Real Progress In Autonomous Vehicles

:date: 2020-08-14 12:44 :tags:

Regular readers may notice a decline in posts about autonomous vehicles. Rest assured, I'm bringing to light everything interesting in the field. The problem has been a conspicuous lack of anything interesting. There are only so many times I can say "They're doing it wrong and will fail." But today some PR hype crossed my path that is actually on the correct trajectory so I wanted to highlight it.

Michigan unveils plan to design self-driving vehicle roadway between Detroit and Ann Arbor

Starting with Michigan, Sidewalk Infrastructure is looking to build roads specifically for autonomous cars

First-of-its-kind CAV corridor to be developed in Michigan

Apparently the company behind this is the same one that recently canceled a giant project reimagining Toronto. They have some access to Alphabet and beaucoup Googlebucks which could be good or bad.

What's somewhat unnerving to me is that I wonder if any of the people involved in this project understand why it is the correct approach. That sounds like a strange and pretentious thing to say, but note how all the press releases stress the connected aspect of this project; apparently CAVenue, their marketing name, stands for "connected autonomous vehicle". Here is their own press release saying that.

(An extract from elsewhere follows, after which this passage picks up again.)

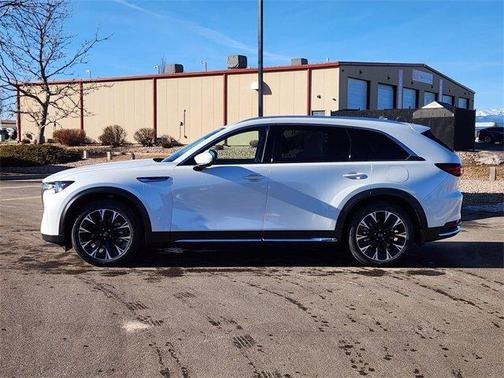 2024 Mazda CX-90 PHEV Premium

They seem utterly fixated on the wrong thing. They claim they are trying to "develop the world’s most sophisticated roadway" but that can not be true. What they hope to build will ideally be less sophisticated than any random road. No, I don't care about the V2V distractions and great network coverage so people can adore their phones better. I'm talking about the brains here. Do you think their roads will match the sophistication of the sum total of human minds currently required to function on normal roadways? No. They will most certainly not do that.

But that's just it. What we need isn't a more sophisticated road. We need a less sophisticated road. Look at any of the PR shots of this thing. What is really going on that is profound and useful is what I call "idiot driver insulation".

idiotinsulation.png

That is the necessary and sufficient requirement to end human driving completely. We are not waiting on technology. We are waiting to do the simple things necessary to make the real problem not a problem.

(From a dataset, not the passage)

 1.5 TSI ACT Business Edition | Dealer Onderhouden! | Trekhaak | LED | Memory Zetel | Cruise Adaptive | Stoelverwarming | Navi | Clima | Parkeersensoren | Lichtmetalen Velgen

I suspect that this move is shrouded in "connectedness" to distract the Silicon Valley people while real progress is made. The connectedness of vehicles is utterly irrelevant. Weather sensors, a perfectly good idea, are not essential. Platooning (as shown in the image) may one day be helpful for many reasons but so might teleportation. No, the real breakthrough here is simply clearing the road of idiot drivers.

If you're following my logic here, then one question should come up: why not just build a light rail (like the kind my neighbors rightly complain about for the wrong reasons)? It is a good question and I think that the value proposition works today because the physics benefits of commuter rail are not as heavily leveraged as freight rail where steel on steel is important to energy budgeting.

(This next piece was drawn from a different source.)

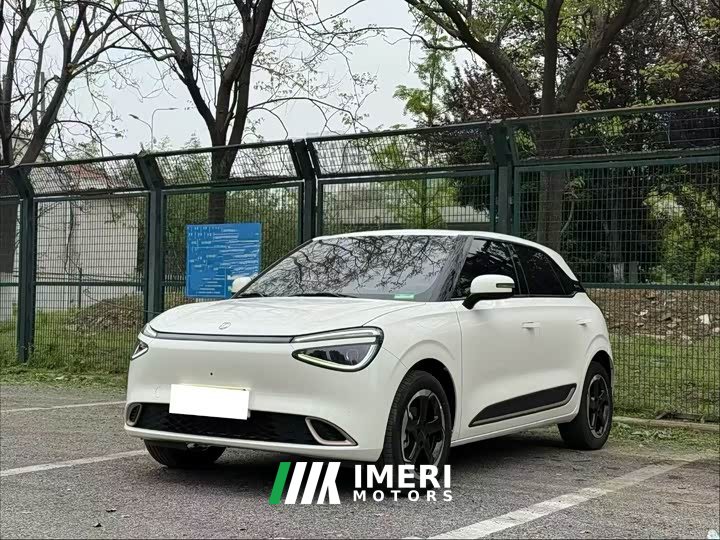Lynk & Co Nano 01 430 Plus smart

I believe that autonomous cars running on a closed single corrider would still have some advantages. First is better on demand scheduling; with rail the granularity is an entire passenger car. Starting and stopping disadvantages rail but is easier for smaller shuttles and even very small transportation pods. It is also easier to integrate small freight shipments into the closed corridor. For example, how would Amazon send a couple of delivery vans down a light rail corridor? They can't.

But the huge advantage and why I very much hope this project doesn't hype-fizzle away is that this arrangement provides the launch pad for mixed mode cars. The reason you can't sleep (alone) in your moving Tesla (or Cadillac for that matter) is because it is not on one of these roads. There are no other impediments. When people can choose a road where they can stop driving completely, I believe they will.

Sure, 99.999% of all other roads require the dangerous and tedious chore of driving, but if there's one shining example of how it could be, maybe people will start to think differently about how every road might be organized. I certainly hope this will spark some discussion and thinking about the correct way forward.

If you really want to understand this news you can go back and revisit my 2016 post where I predict this exact development. Indeed, although we have finally managed to claw our way back to exactly where we were in 1997 (or even 1969), in the world of autonomous vehicles, that is immense progress. Let us hope we don't retrogress again.